» RECORD SET:

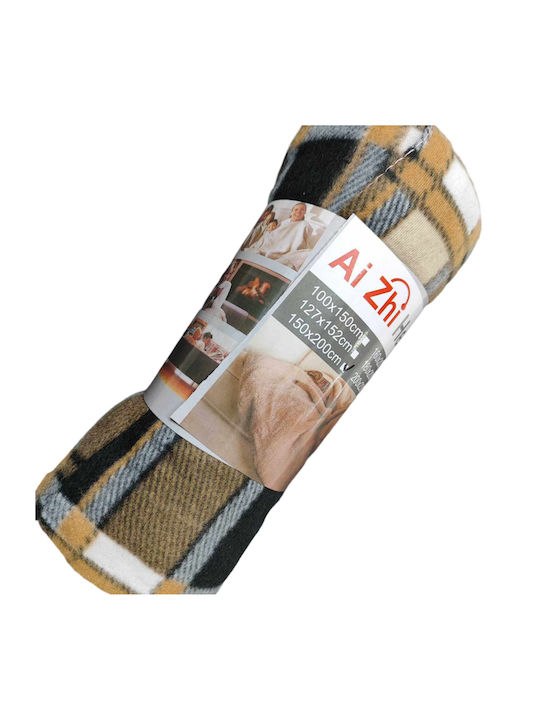 Marwa Κουβέρτα Fleece Διπλή 200x230εκ.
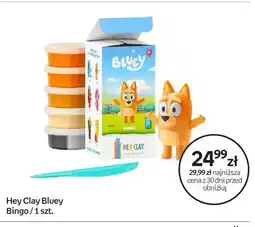 Empik Zabawka Hey Clay Bluey Bingo oferta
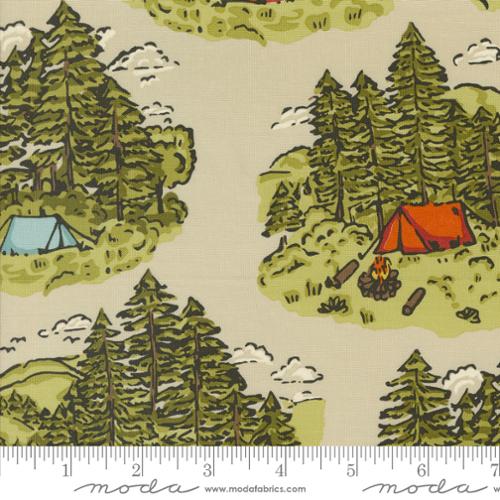 PREORDER - The Great Outdoors - Sand - 20880 12 - Half Yard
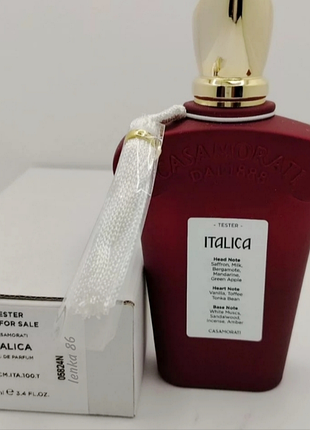 Духи унисекс распив italica от xerjoff / ириска тоффи молоко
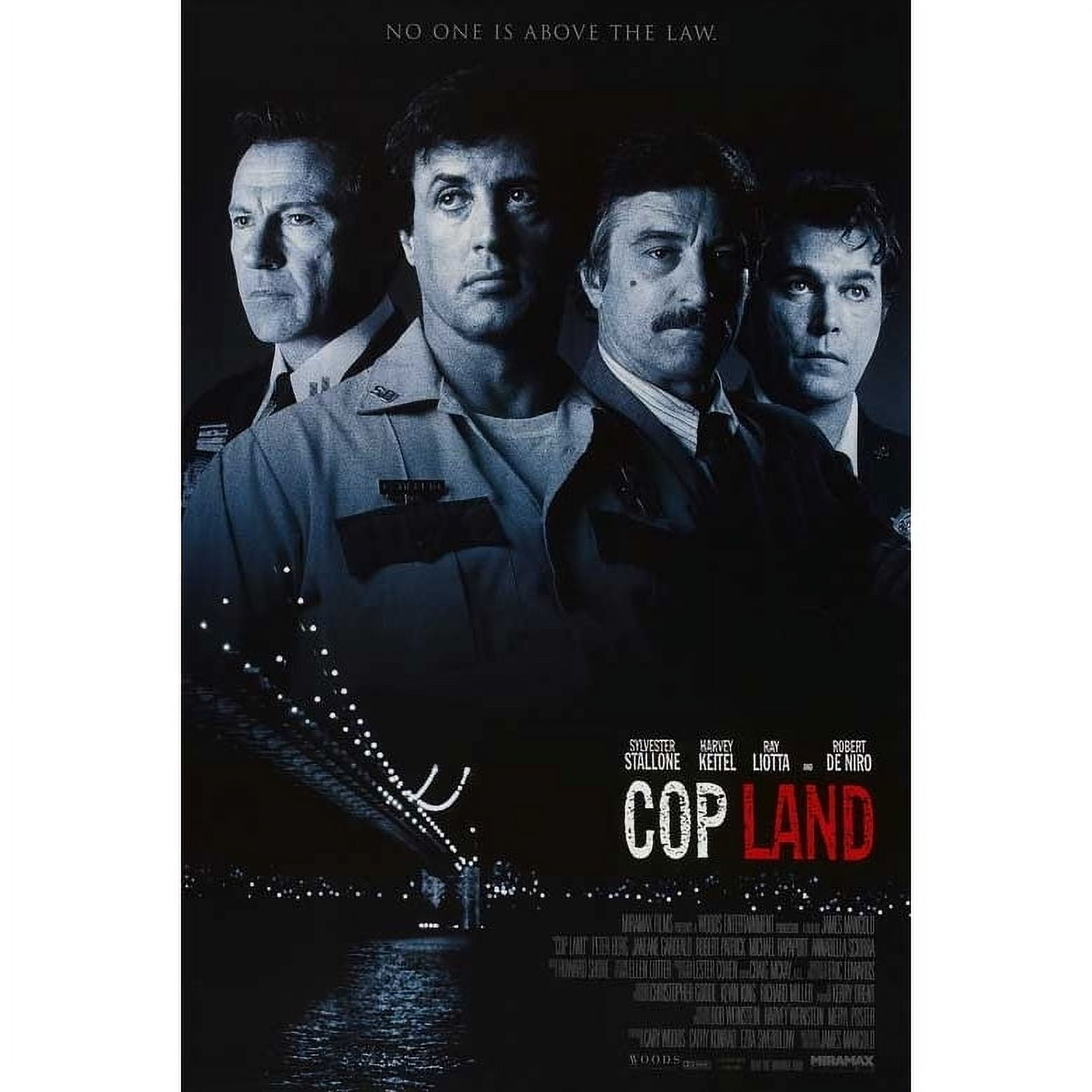 Cop Land Movie Poster Print (27 x 40) - Item # MOVAB24780 - Walmart.com, image size:1556x1556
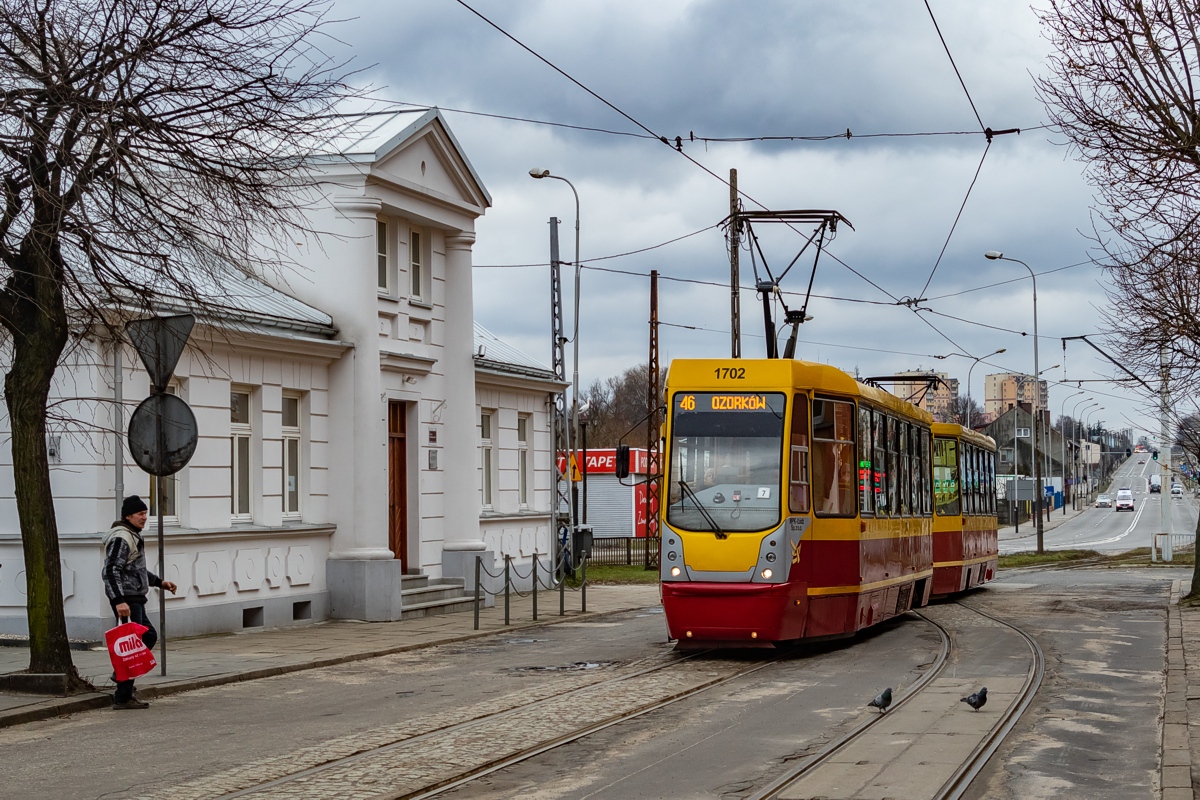 805Na #1702+1703: Zgierz, Stary Rynek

» WHAT YOU ARE ASKED TO DO: Reproduce the entire listing above precisely, but keep the images out.

» TASK ANSWER:
 Marwa Κουβέρτα Fleece Διπλή 200x230εκ.
 Empik Zabawka Hey Clay Bluey Bingo oferta
 PREORDER - The Great Outdoors - Sand - 20880 12 - Half Yard
 Духи унисекс распив italica от xerjoff / ириска тоффи молоко
 Cop Land Movie Poster Print (27 x 40) - Item # MOVAB24780 - Walmart.com, image size:1556x1556
 805Na #1702+1703: Zgierz, Stary Rynek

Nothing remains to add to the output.